Connect with us

Bakan Albayrak: Dünyanın en büyük off-shore rüzgâr projesini hazırlıyoruz

Published

on

Enerji ve Tabii Kaynaklar Bakanı Albayrak, güneş ve rüzgar enerjisinde 1000’er megavatlık YEKA ihaleleri için çalışmalara başlandığını belirterek, “Öncelikle rüzgarda dünyanın en büyük off-shore (denizin üstünde) projesini hazırlıyoruz. dedi.

Enerji ve Tabii Kaynaklar Bakanı Berat Albayrak, 1. Türkiye Enerji ve Maden Forumu’nda yaptığı konuşmada, 2017’nin Türkiye açısından yenilenebilir enerjide “ses getirilen” bir yıl olduğunu söyledi.

Özellikle yeni Yenilenebilir Enerji Kaynak Alanları (YEKA) ihaleleriyle hem rekabetçi fiyatların ortaya çıktığı, Ar-Ge çalışmalarının yapılacağı, hem de yerli üretim ve istihdamı destekleyecek projelerin gerçekleştirildiğini anlatan Albayrak, “Bu yılki YEKA’ları da öyle bir şekilde yapalım ki dünyada başka bir alanda da ses getirsin diye düşünüyoruz.” ifadesini kullandı.

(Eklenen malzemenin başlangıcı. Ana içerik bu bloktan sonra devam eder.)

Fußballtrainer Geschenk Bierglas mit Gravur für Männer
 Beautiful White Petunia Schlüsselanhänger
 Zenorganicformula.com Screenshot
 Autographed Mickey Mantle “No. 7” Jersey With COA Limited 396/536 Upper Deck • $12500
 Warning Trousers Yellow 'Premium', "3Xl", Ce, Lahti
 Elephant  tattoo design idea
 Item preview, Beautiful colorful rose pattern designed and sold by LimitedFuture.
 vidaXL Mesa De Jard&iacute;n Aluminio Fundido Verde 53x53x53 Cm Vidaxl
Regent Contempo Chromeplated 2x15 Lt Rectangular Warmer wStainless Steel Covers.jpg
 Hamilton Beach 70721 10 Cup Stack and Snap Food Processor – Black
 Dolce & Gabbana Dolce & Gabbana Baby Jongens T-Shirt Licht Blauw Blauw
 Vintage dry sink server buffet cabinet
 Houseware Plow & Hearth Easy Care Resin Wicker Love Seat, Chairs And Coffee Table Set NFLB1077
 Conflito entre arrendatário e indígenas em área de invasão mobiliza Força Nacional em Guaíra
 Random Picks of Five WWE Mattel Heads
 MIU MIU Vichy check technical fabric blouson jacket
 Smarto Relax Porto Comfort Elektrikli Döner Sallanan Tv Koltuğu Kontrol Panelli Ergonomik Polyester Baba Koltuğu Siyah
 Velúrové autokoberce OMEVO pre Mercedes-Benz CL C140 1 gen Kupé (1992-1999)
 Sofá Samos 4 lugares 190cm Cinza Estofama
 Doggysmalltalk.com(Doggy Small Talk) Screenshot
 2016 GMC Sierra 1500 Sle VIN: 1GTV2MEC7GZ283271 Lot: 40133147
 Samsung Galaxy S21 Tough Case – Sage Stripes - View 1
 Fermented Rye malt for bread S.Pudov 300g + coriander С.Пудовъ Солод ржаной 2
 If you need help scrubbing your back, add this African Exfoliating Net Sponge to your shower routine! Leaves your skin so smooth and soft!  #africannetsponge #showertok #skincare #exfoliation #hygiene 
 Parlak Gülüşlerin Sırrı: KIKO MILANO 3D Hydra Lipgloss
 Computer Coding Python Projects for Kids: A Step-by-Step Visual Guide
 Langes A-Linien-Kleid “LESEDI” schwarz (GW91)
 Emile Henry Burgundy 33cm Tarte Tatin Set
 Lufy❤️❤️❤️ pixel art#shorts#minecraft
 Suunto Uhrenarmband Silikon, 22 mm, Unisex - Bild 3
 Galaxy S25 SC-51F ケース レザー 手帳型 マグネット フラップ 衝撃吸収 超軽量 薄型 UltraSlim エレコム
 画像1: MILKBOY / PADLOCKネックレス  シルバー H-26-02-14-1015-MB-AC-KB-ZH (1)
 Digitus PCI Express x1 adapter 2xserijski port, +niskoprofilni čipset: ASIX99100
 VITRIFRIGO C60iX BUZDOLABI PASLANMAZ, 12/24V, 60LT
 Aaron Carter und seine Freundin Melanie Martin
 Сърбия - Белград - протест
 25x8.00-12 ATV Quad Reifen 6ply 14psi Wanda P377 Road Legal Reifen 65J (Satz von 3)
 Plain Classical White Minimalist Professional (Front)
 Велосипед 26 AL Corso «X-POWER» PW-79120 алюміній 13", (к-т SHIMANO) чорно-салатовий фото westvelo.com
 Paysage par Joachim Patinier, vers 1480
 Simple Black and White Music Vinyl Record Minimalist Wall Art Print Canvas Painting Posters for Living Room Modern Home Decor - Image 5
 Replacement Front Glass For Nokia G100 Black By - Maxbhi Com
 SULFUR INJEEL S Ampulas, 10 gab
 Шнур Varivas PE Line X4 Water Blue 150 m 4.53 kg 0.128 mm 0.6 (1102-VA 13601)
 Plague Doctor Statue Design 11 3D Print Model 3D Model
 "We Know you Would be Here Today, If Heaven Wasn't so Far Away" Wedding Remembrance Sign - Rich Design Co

Bu yıl içinde yapılacak yeni YEKA ihaleleri için çalışmaların başladığını aktaran Albayrak, “Güneş ve rüzgarda 1000’er megavatlık yeni ihaleler için çalışmalara başladık. Öncelikle rüzgarda dünyanın en büyük off-shore projesini hazırlıyoruz. Bu alanda da ses getireceğini düşünüyoruz. Güneş YEKA’sına pil depolamasıyla ilgili düzenlemeyi de eklemeyi düşünüyoruz. Yine sıcak bir yaz olacak, bu yaz bitmeden iki ihaleyi de gerçekleştirmeyi planlıyoruz.” diye konuştu.

“Kıbrıs’taki zenginlikler Kıbrıslılara aittir”

Albayrak, enerji diplomasisinin ekonomi kadar dış politikaya da büyük etkisi olduğunu belirtti.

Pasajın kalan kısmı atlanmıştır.